**Problem:**
Look through the data below for the line with "Immax 08254L - Lampadario" and the line with "Drap housse de", then transcribe exactly from the first through the second, leaving out all pictures.

Entries supplied: Begin

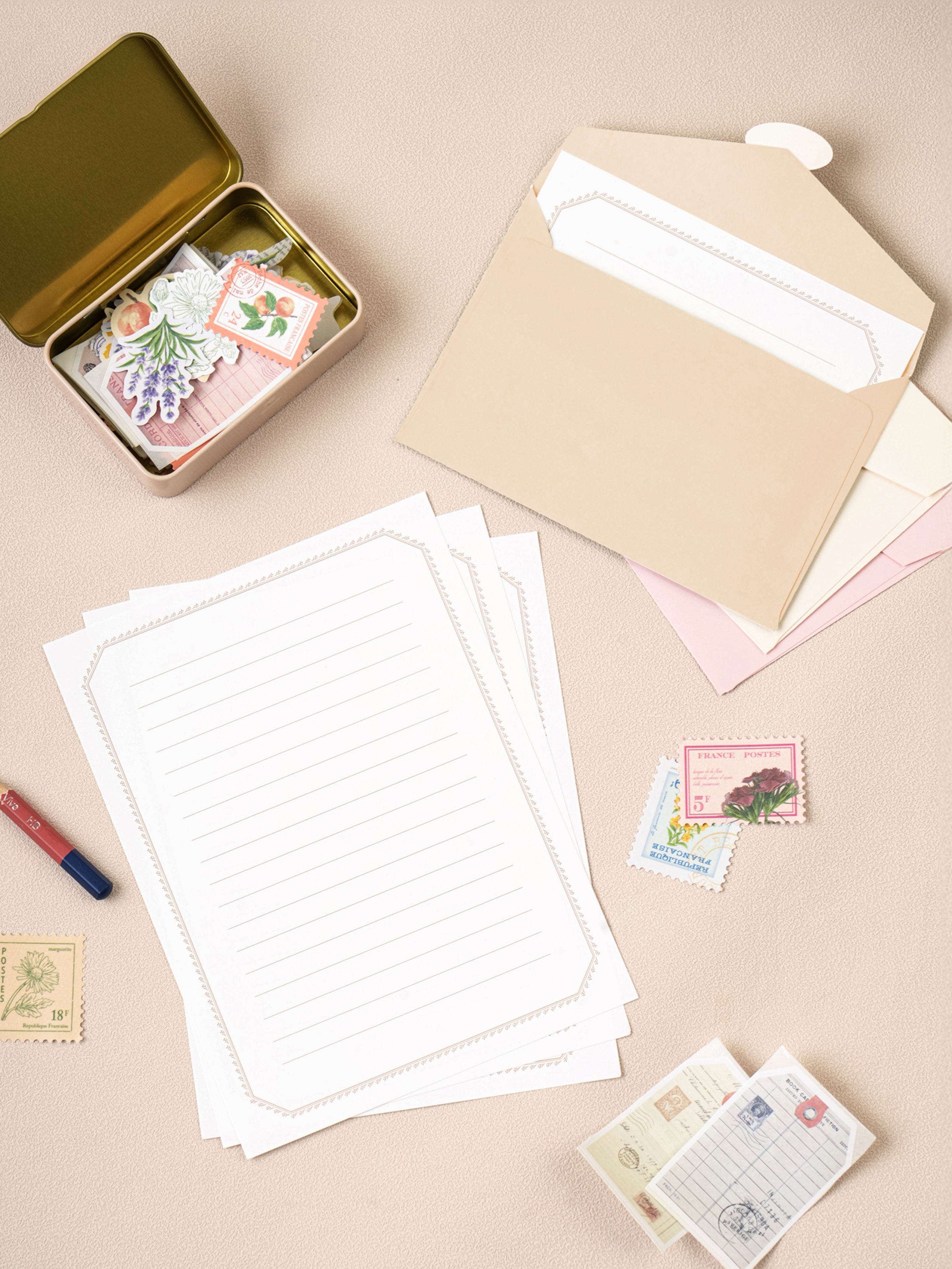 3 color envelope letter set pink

Entries supplied: End
Entries supplied: Begin

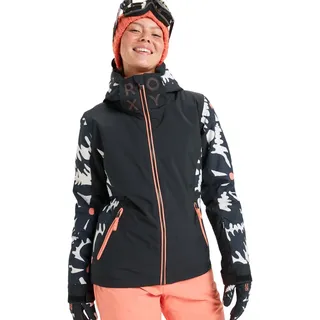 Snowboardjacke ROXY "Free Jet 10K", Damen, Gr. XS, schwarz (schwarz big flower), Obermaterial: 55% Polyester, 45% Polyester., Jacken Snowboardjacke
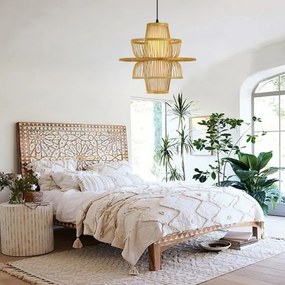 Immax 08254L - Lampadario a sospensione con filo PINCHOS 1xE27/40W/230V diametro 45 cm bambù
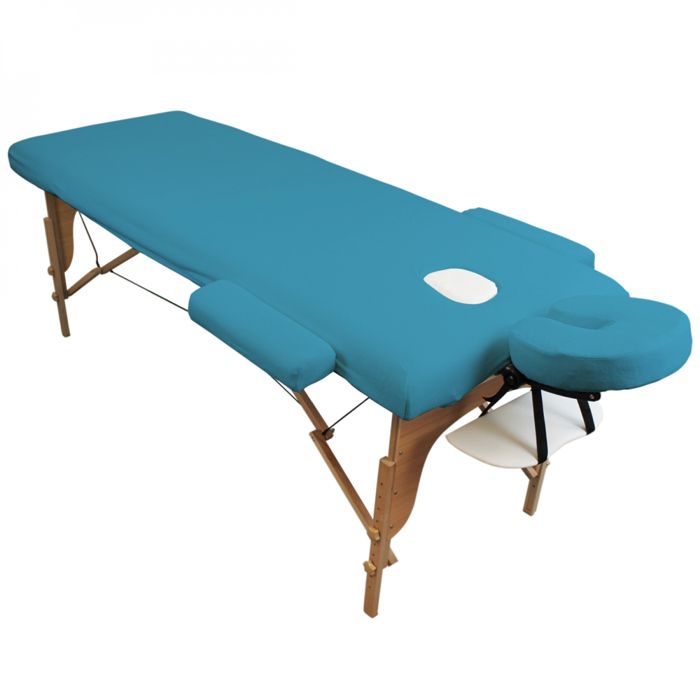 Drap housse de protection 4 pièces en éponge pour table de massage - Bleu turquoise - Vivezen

Entries supplied: End

**Output of the exercise:**
 Immax 08254L - Lampadario a sospensione con filo PINCHOS 1xE27/40W/230V diametro 45 cm bambù
 Drap housse de protection 4 pièces en éponge pour table de massage - Bleu turquoise - Vivezen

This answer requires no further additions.